Web page caption snippets:
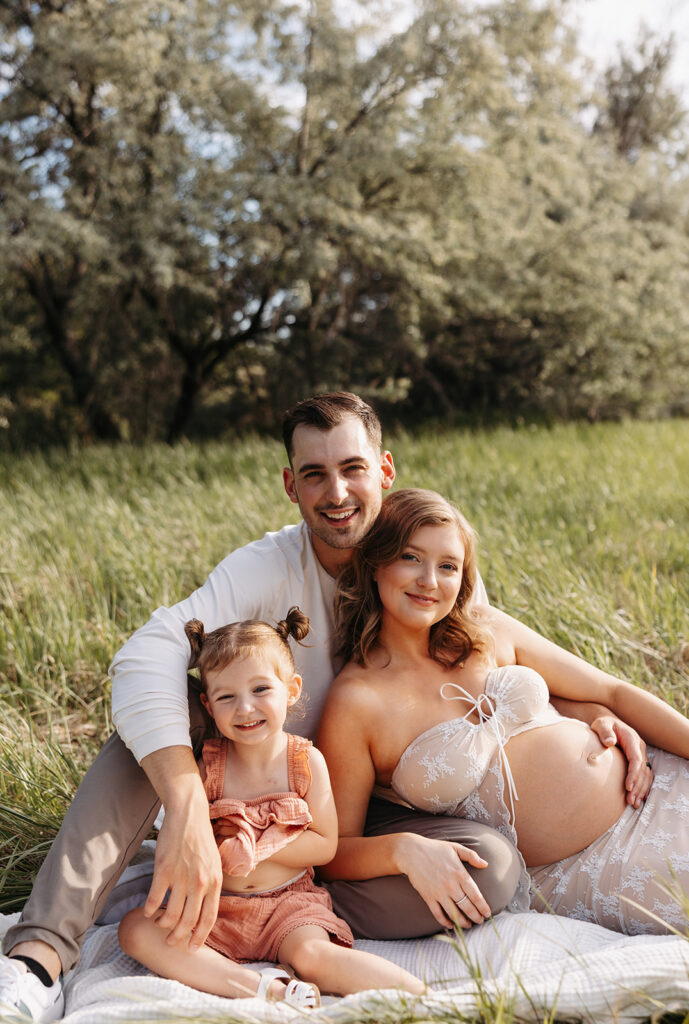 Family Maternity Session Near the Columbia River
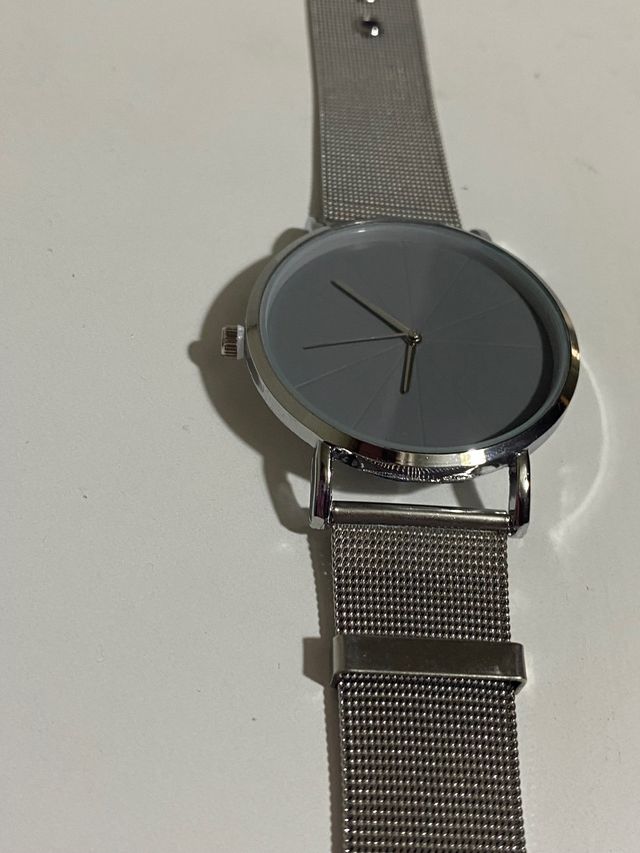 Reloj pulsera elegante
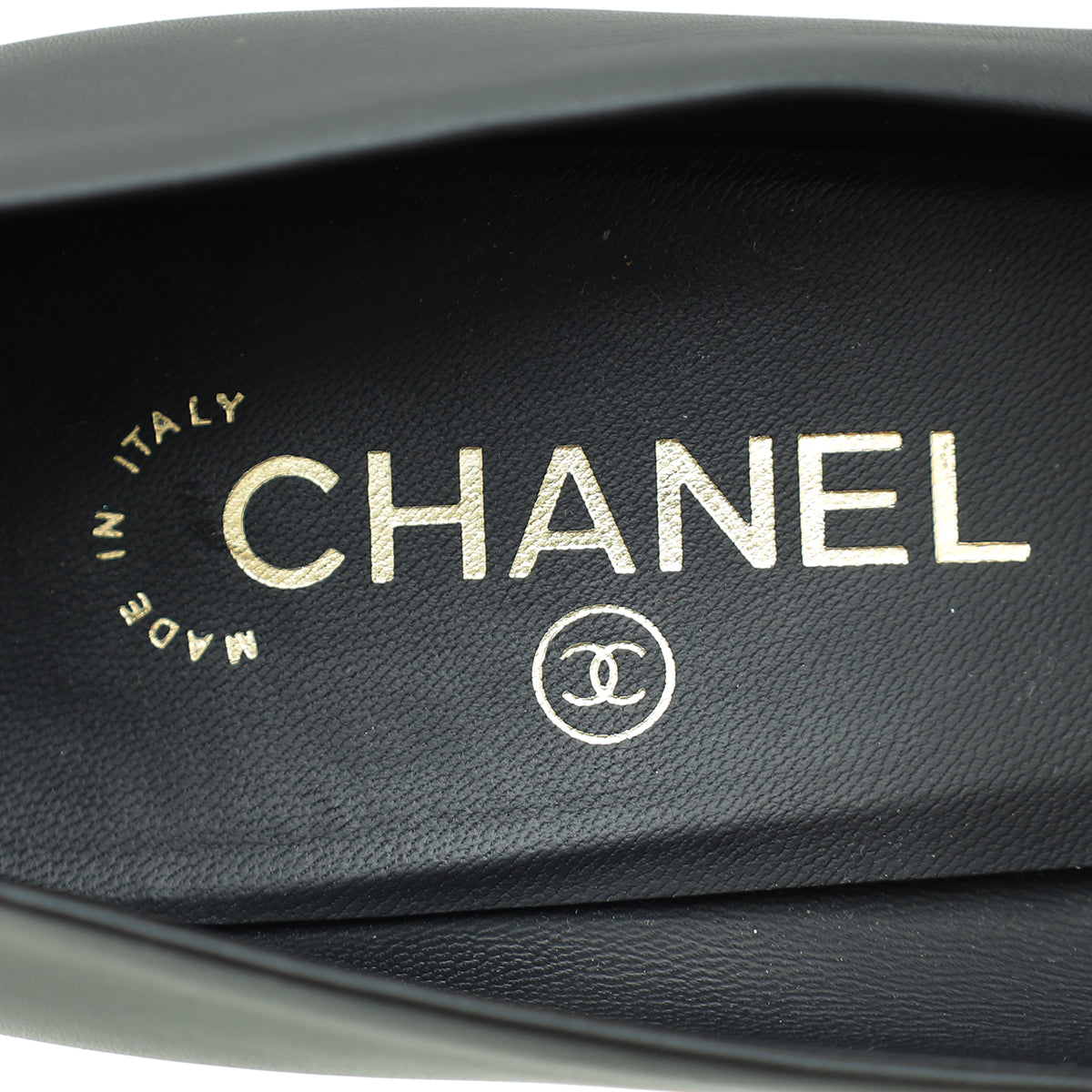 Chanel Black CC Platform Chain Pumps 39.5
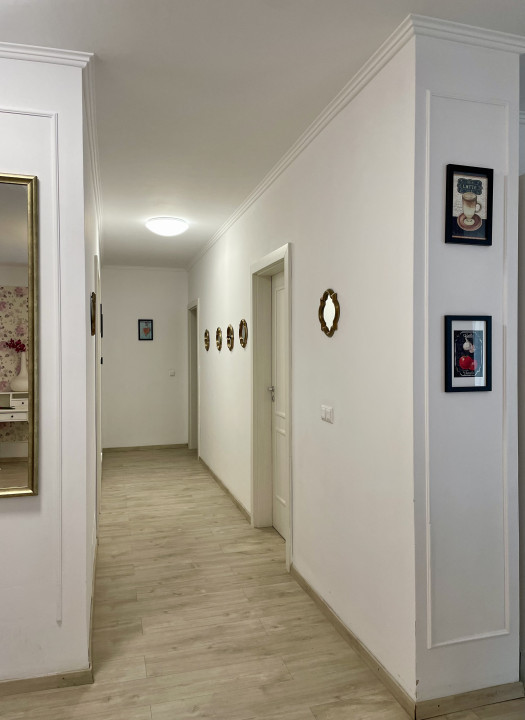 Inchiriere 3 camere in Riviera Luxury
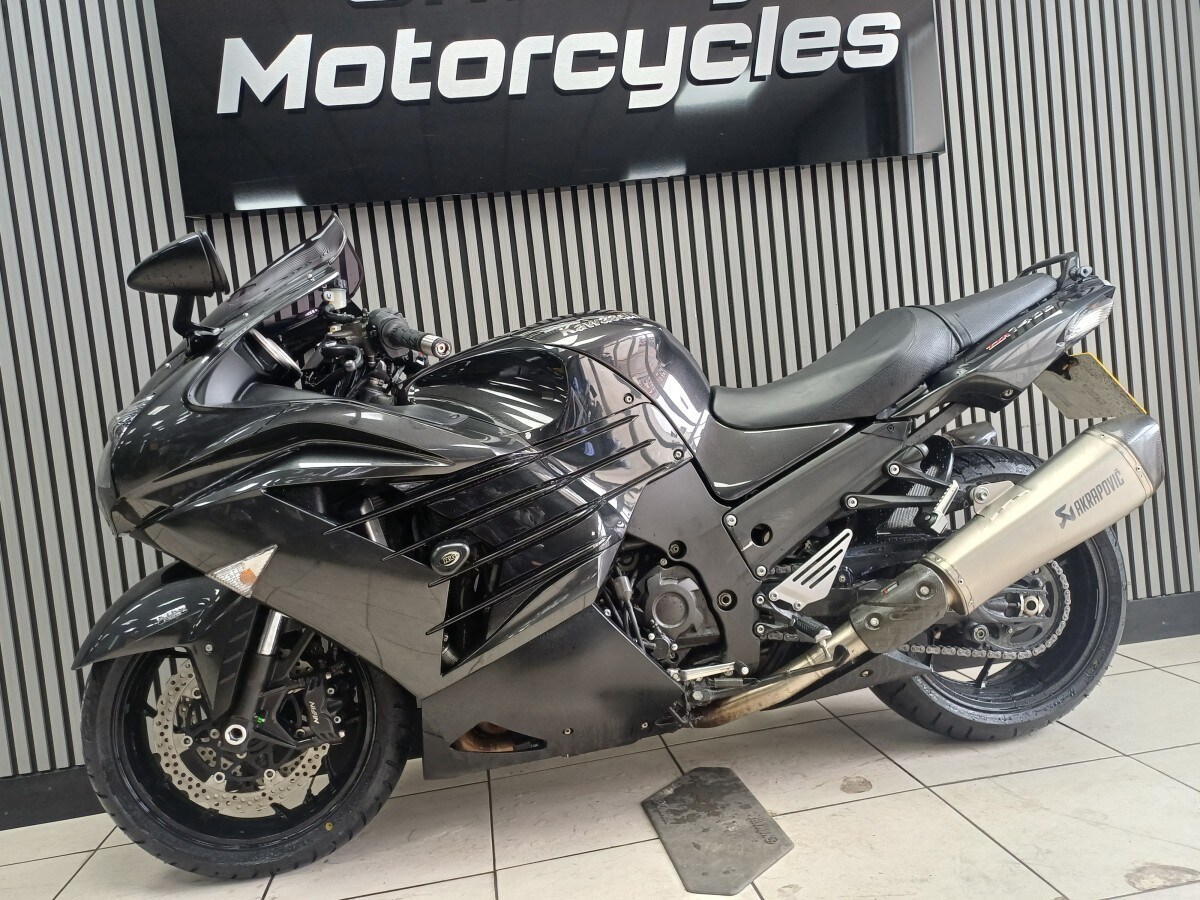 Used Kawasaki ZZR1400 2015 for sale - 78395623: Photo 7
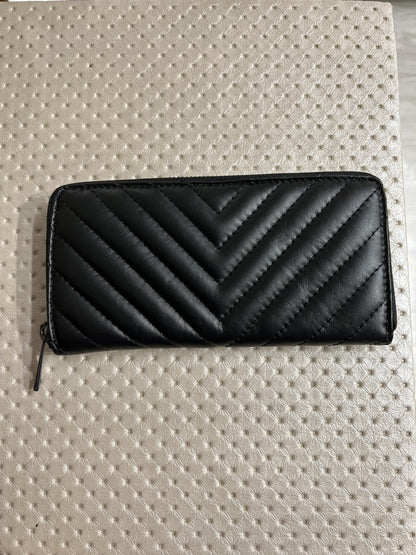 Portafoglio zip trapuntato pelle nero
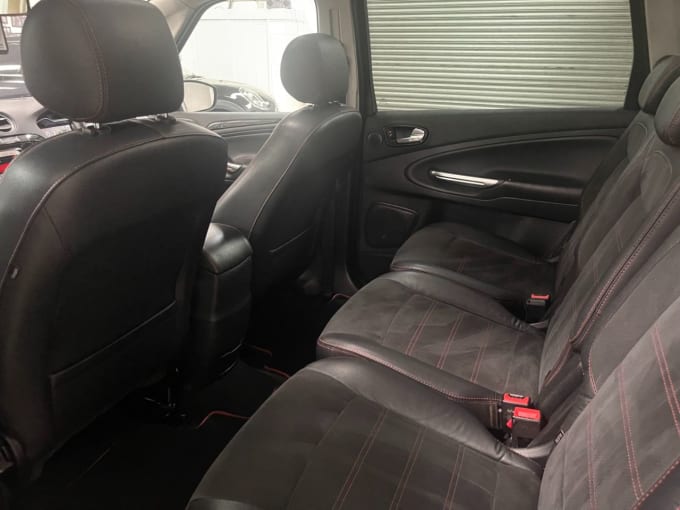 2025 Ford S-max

> _TASK DIRECTIONS_
Return the records above exactly as written, but without any of the pictures.

> _ANSWER_
 Family Maternity Session Near the Columbia River
 Reloj pulsera elegante
 Chanel Black CC Platform Chain Pumps 39.5
 Inchiriere 3 camere in Riviera Luxury
 Used Kawasaki ZZR1400 2015 for sale - 78395623: Photo 7
 Portafoglio zip trapuntato pelle nero
 2025 Ford S-max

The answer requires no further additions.